Ieri lo stato del Taiwan era chiamato ad esprimersi per il rinnovo della carica presidenziale. Erano tre gli sfidanti che ambivano alla prima carica dello stato: l’uscente Mao Ying-jeou, la leader democratico-progressista e filo-indipendentista Tsai Ing-wen e il filo-cinese Soong Chu-yu. Si tratta di tre figure diverse tra loro, la cui vittoria dell’uno o dell’altro ha un significato ben preciso. Ma alla fine, forse con un pizzico di sorpresa per gli osservatori cinesi, il presidente uscente è stato riconfermato con il 51,6% dei voti, mentre la leader Ing-wen si è piazzata al secondo posto e il filo-Pechino Chu-yu è risultato essere solo terzo.
A ben vedere, si è trattato di un esito favorevole paradossalmente sia alla Cina che agli USA. Pechino si è assicurato un presidente dialogante, amico, sebbene non si sia mai espresso per una vera riunificazione del Taiwan con la Cina. Gli americani hanno evitato una vittoria formalmente a loro favorevole, ma che avrebbe creato più di un problema nei rapporti con l’amico-avversario cinese.
Mao Ying-jeou è, quindi, l’uomo della conservazione degli equilibri tanto contestati in patria, ma allo stesso tempo tanto rassicuranti rispetto a un drastico mutamento degli equilibri geo-politici. Formalmente, il Taiwan è in guerra con la Cina dal 1949, anno in cui i nazionalisti, sconfitti da Mao, si rifugiarono in questa piccola appendice dell’immenso impero cinese, in attesa di riconquistare il resto del Paese.
Per Pechino, Taiwan è Cina, mentre per Taiwan, la Cina non è il proprio stato di appartenenza. Un’ambiguità politica che si scontra con l’elemento unificante della lingua e della cultura, ma anche con la necessità di avere buoni rapporti di vicinato.
Per questo, la soluzione di una svolta radicale pro-indipendenza resta un’ambizione solo teorica, nonché un tema al limite del tabù a livello internazionale.
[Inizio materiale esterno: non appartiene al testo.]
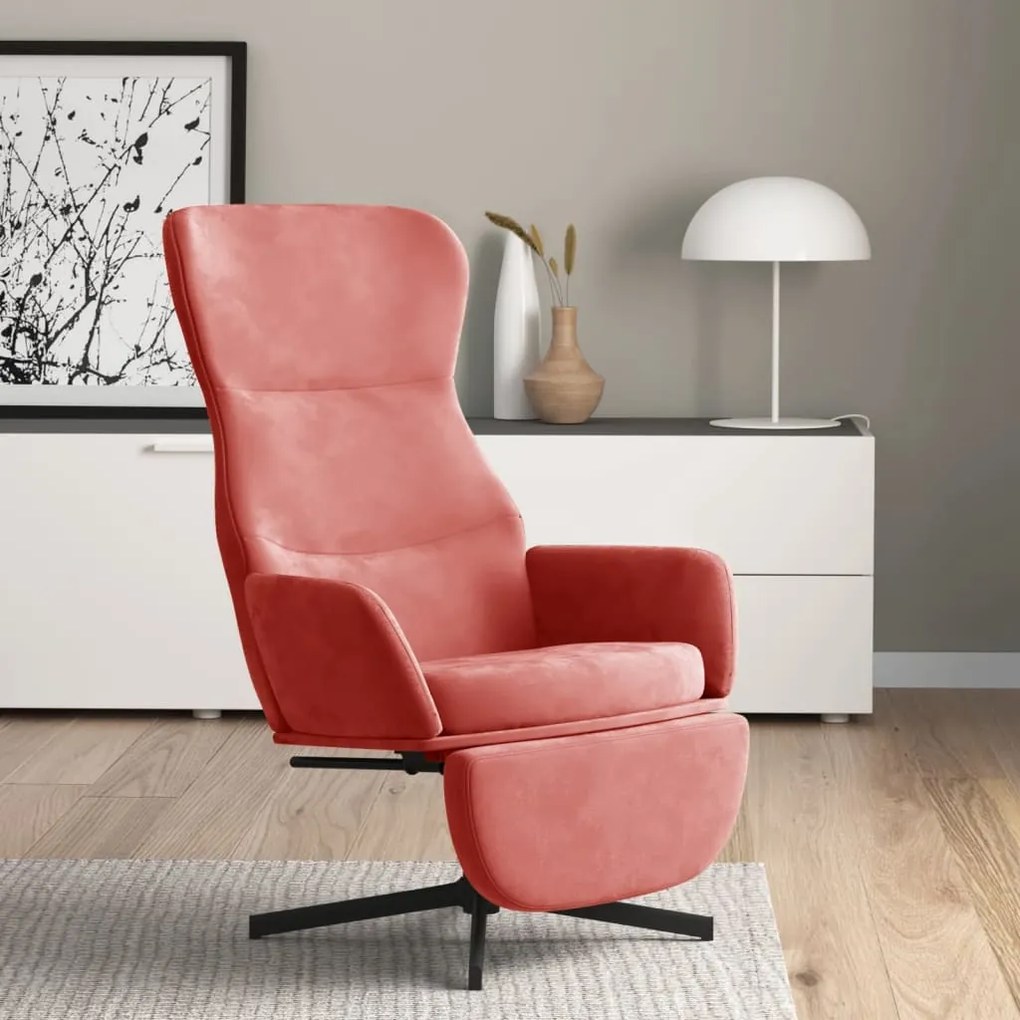 3097499 vidaXL Scaun de relaxare cu taburet, roz, catifea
Si cerca di rimarcare la propria sovranità nazionale, che nei fatti esiste da 60 anni, ma allo stesso tempo non si vuole forzare la mano con azioni e parole d’ordine troppo radicali.
E Mao Ying-jeou ha vinto per la sua politica dei tre no: no all’indipendenza, no all’unificazione e no alla guerra. Una forma di doroteismo pragmatico in salsa orientale.